= Beginning of Section =

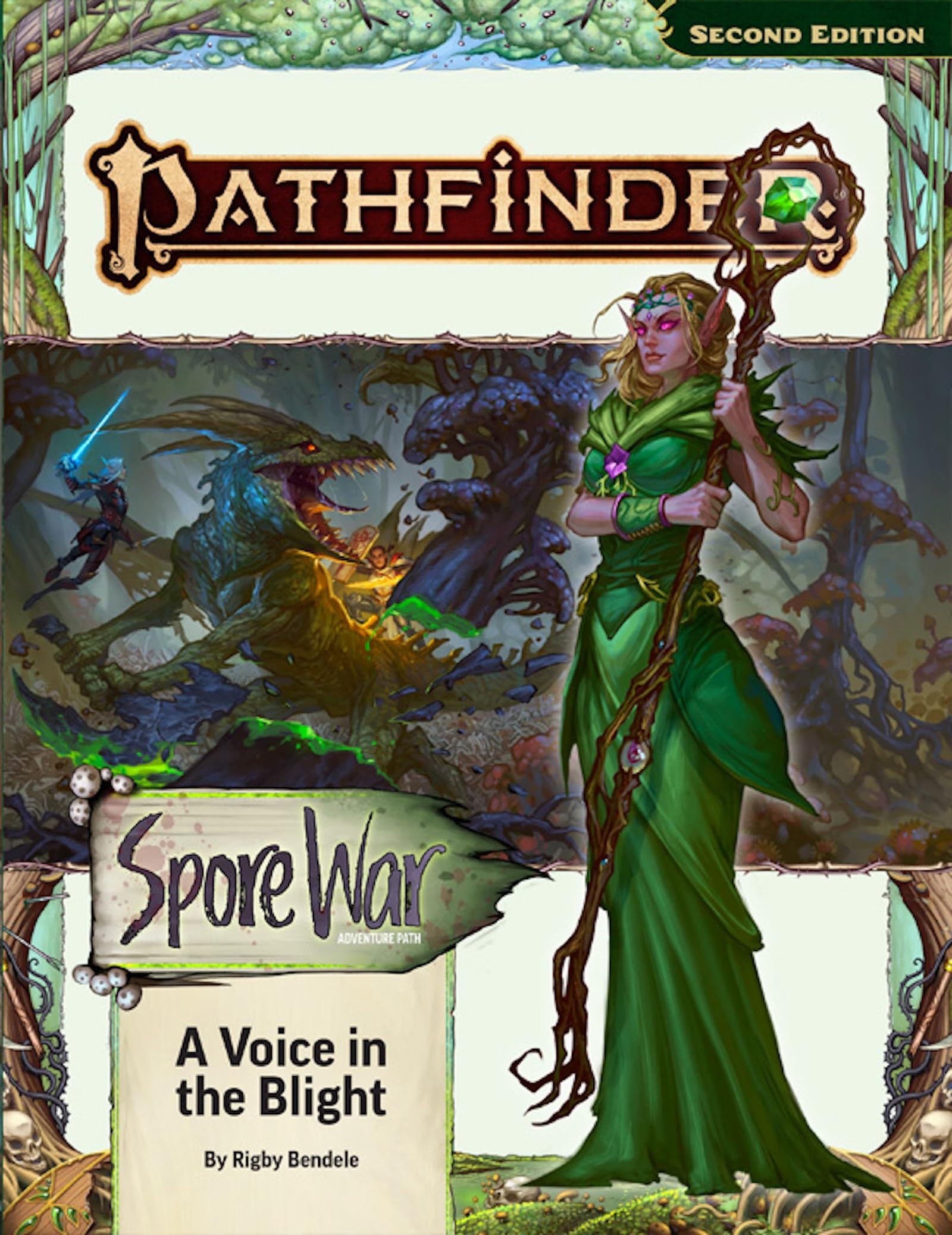 Pathfinder Adventure Path: A Voice in the Blight (Spore War)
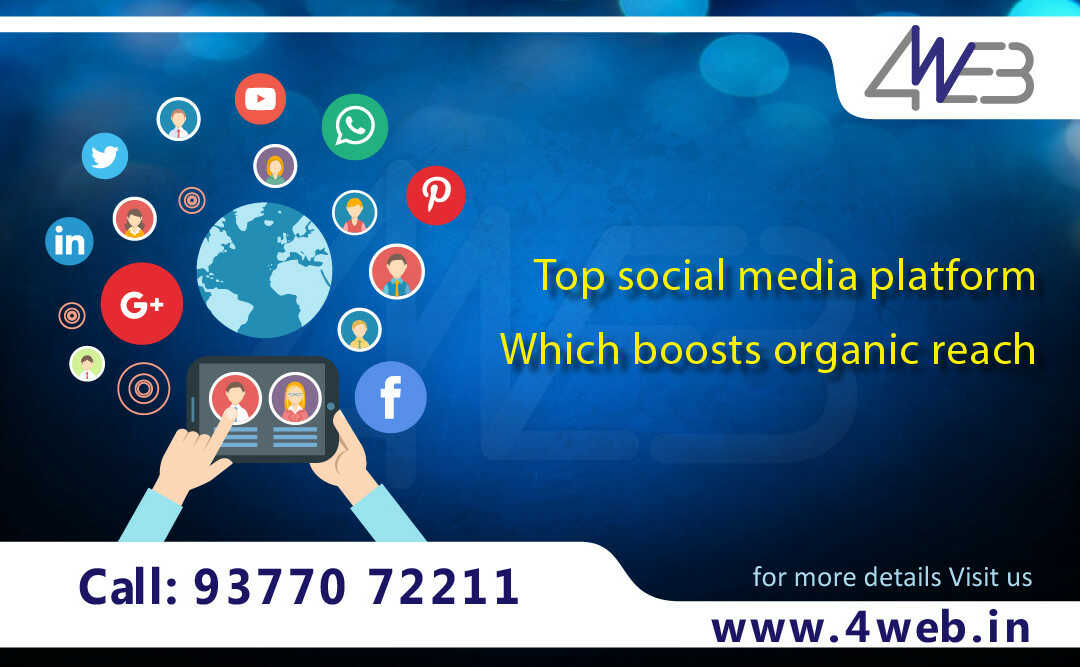 Top Social Media Platform Which Boosts Organic Reach
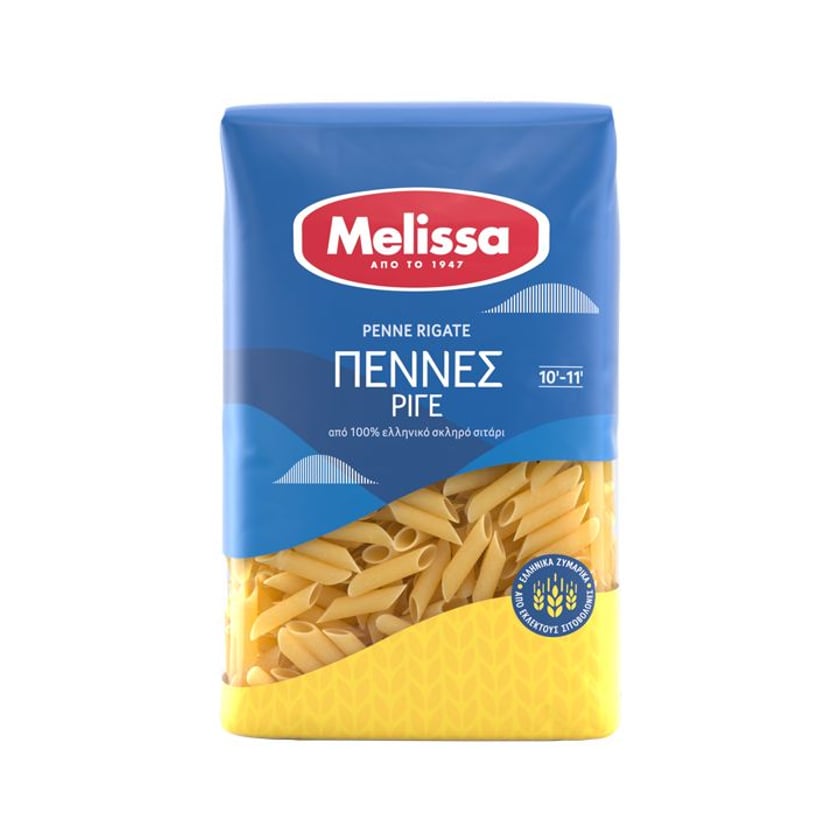 Melissa Πέννες Ριγέ 1kg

= End of Section =

• _TASK GOAL_
Could you reproduce the listing above exactly and drop every picture?

• _ANSWER TO THIS TASK_
 Pathfinder Adventure Path: A Voice in the Blight (Spore War)
 Top Social Media Platform Which Boosts Organic Reach
 Melissa Πέννες Ριγέ 1kg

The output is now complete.